Your objective: Transcribe, word for word and without additions, each line below from the one containing "We could take" through the one containing "Pages are used", both ends included.

Given records:
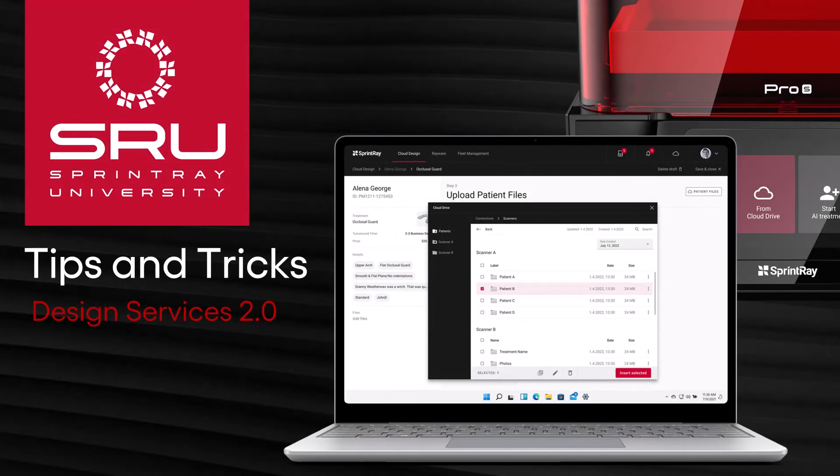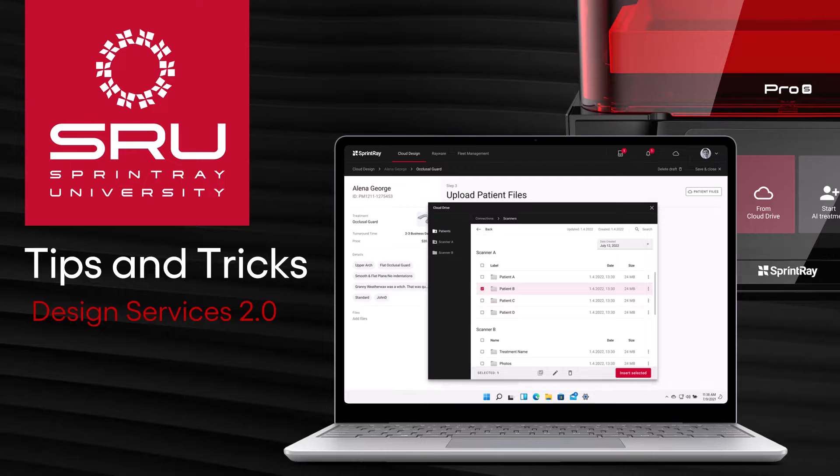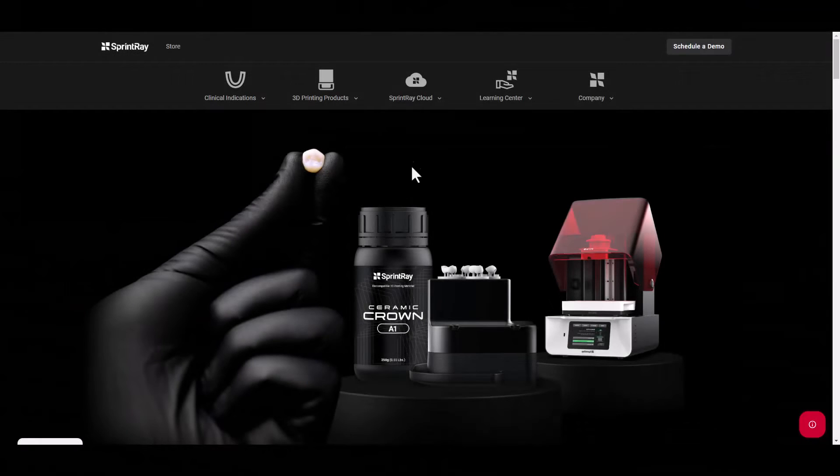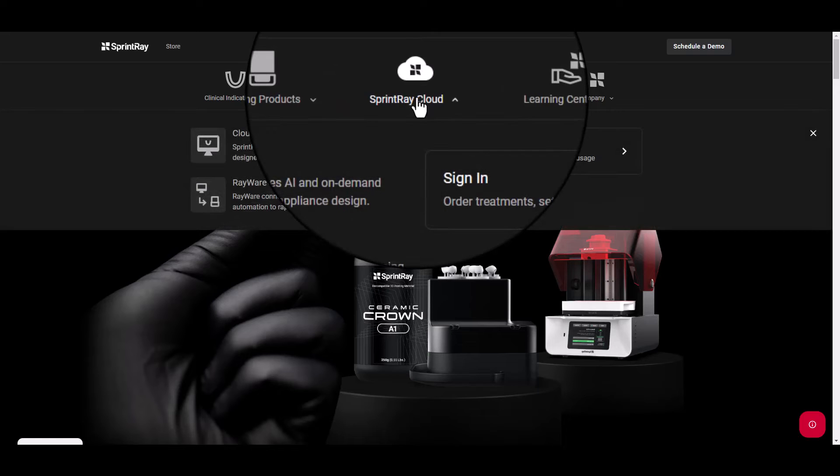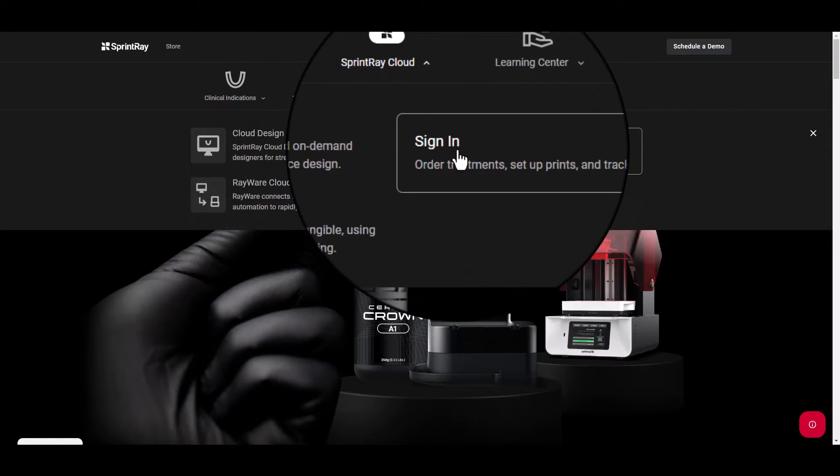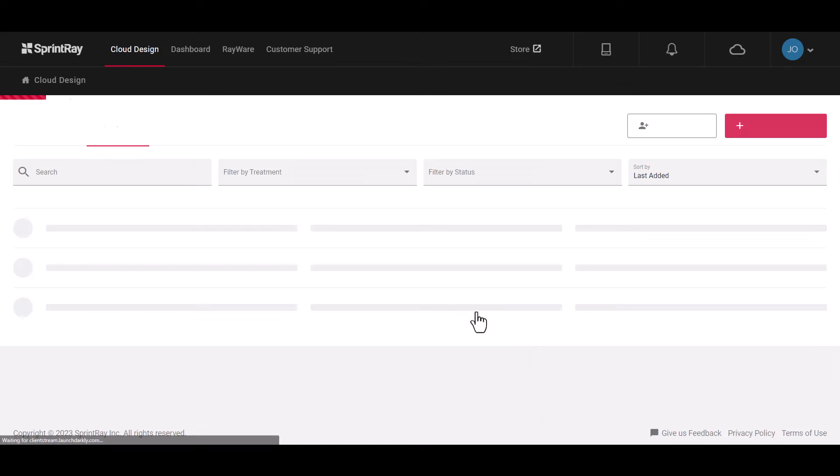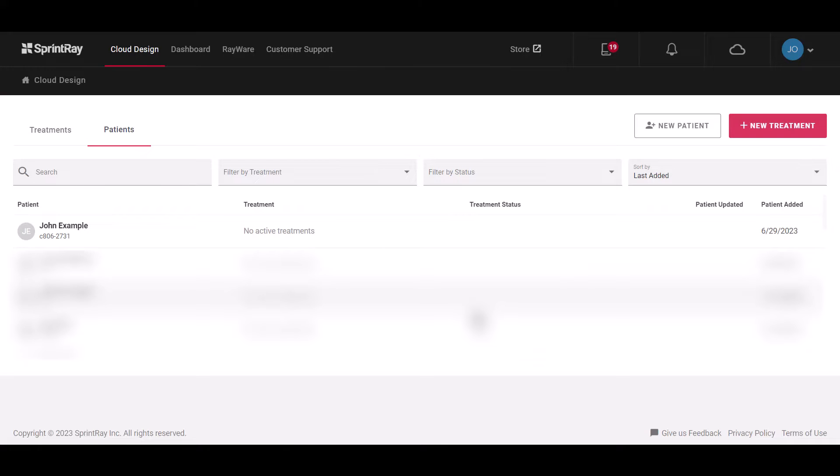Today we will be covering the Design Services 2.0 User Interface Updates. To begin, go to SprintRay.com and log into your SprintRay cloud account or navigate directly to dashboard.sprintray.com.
---
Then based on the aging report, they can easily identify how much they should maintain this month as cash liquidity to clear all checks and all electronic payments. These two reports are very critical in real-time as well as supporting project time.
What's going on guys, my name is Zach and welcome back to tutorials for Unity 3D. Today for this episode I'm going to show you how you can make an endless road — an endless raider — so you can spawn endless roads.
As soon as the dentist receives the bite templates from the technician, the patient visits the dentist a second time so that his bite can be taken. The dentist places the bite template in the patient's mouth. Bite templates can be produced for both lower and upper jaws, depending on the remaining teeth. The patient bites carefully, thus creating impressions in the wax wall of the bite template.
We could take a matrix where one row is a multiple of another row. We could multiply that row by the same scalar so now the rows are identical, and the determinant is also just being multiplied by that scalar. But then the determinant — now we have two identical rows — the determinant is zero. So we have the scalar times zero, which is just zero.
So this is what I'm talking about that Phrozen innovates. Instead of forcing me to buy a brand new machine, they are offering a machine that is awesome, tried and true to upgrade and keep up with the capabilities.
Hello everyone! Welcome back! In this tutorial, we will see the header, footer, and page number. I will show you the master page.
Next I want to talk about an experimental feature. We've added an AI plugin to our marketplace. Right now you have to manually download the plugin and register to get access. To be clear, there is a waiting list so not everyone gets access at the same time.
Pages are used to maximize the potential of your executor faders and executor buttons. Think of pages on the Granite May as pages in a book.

Reply:
We could take a matrix where one row is a multiple of another row. We could multiply that row by the same scalar so now the rows are identical, and the determinant is also just being multiplied by that scalar. But then the determinant — now we have two identical rows — the determinant is zero. So we have the scalar times zero, which is just zero.
So this is what I'm talking about that Phrozen innovates. Instead of forcing me to buy a brand new machine, they are offering a machine that is awesome, tried and true to upgrade and keep up with the capabilities.
Hello everyone! Welcome back! In this tutorial, we will see the header, footer, and page number. I will show you the master page.
Next I want to talk about an experimental feature. We've added an AI plugin to our marketplace. Right now you have to manually download the plugin and register to get access. To be clear, there is a waiting list so not everyone gets access at the same time.
Pages are used to maximize the potential of your executor faders and executor buttons. Think of pages on the Granite May as pages in a book.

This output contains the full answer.